_Dataset records_
━━━━
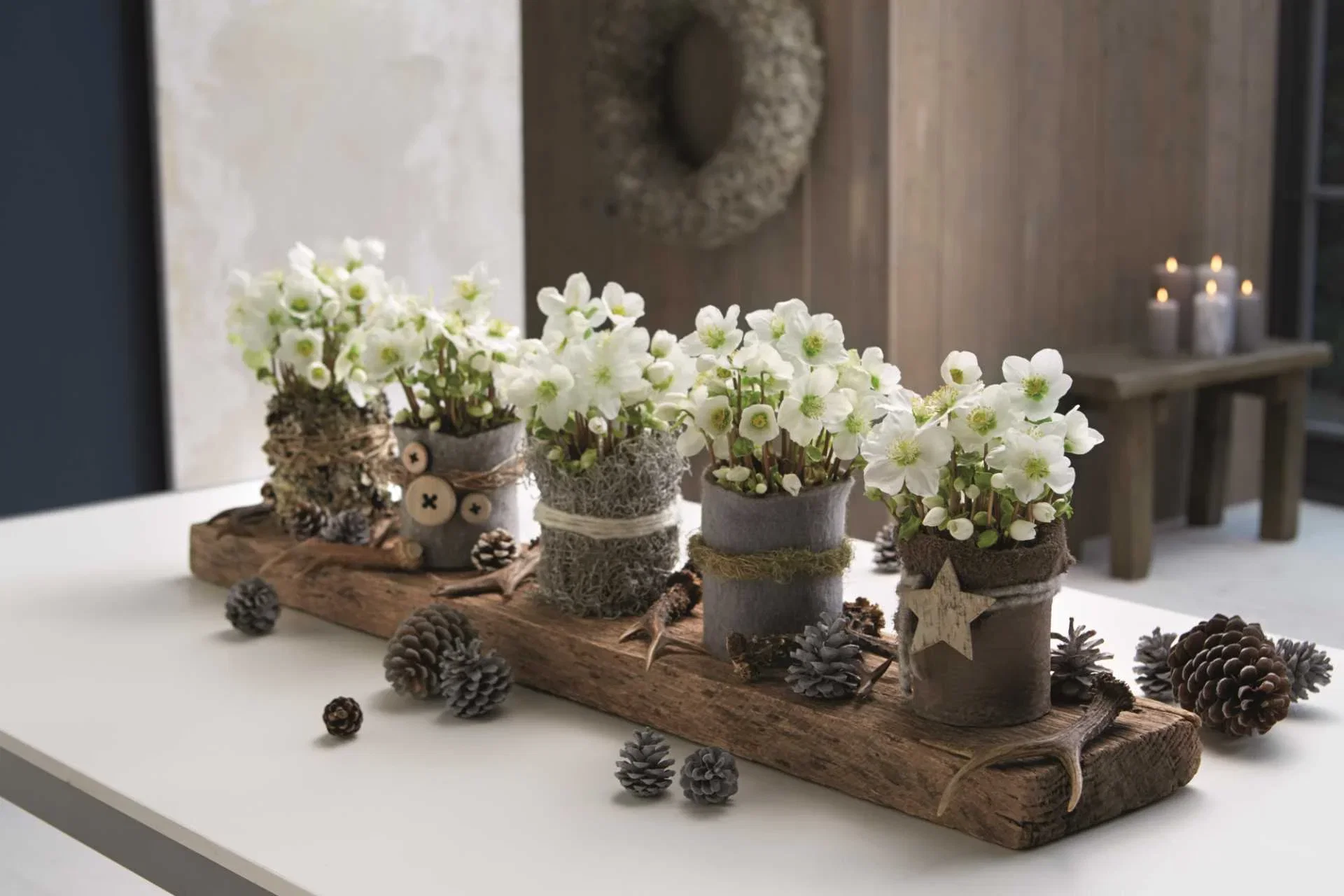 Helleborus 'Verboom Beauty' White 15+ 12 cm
━━━━
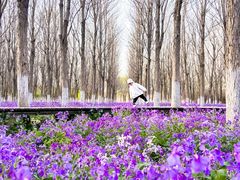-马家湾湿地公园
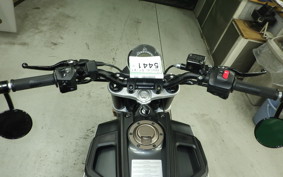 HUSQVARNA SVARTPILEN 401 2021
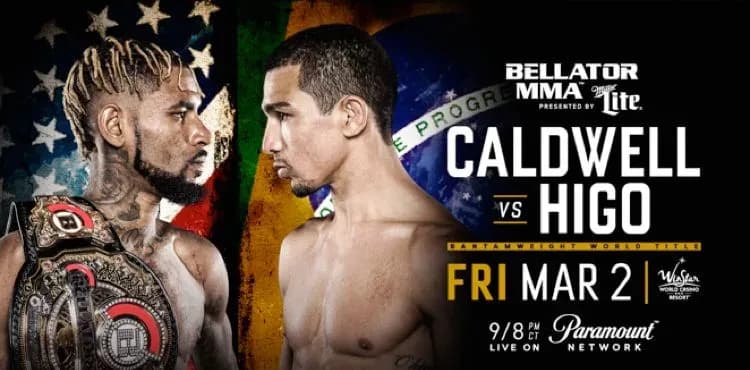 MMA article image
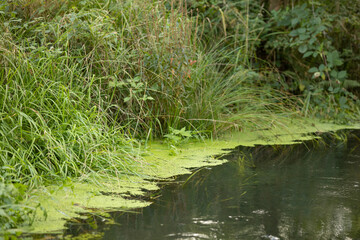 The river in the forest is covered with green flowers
━━━━
_Assignment_
From the records above, transcribe exactly the lines starting at the one containing "MMA article image" and ending at the one containing "The river in". Skip the pictures.

_Answer to the exercise_
 MMA article image
 The river in the forest is covered with green flowers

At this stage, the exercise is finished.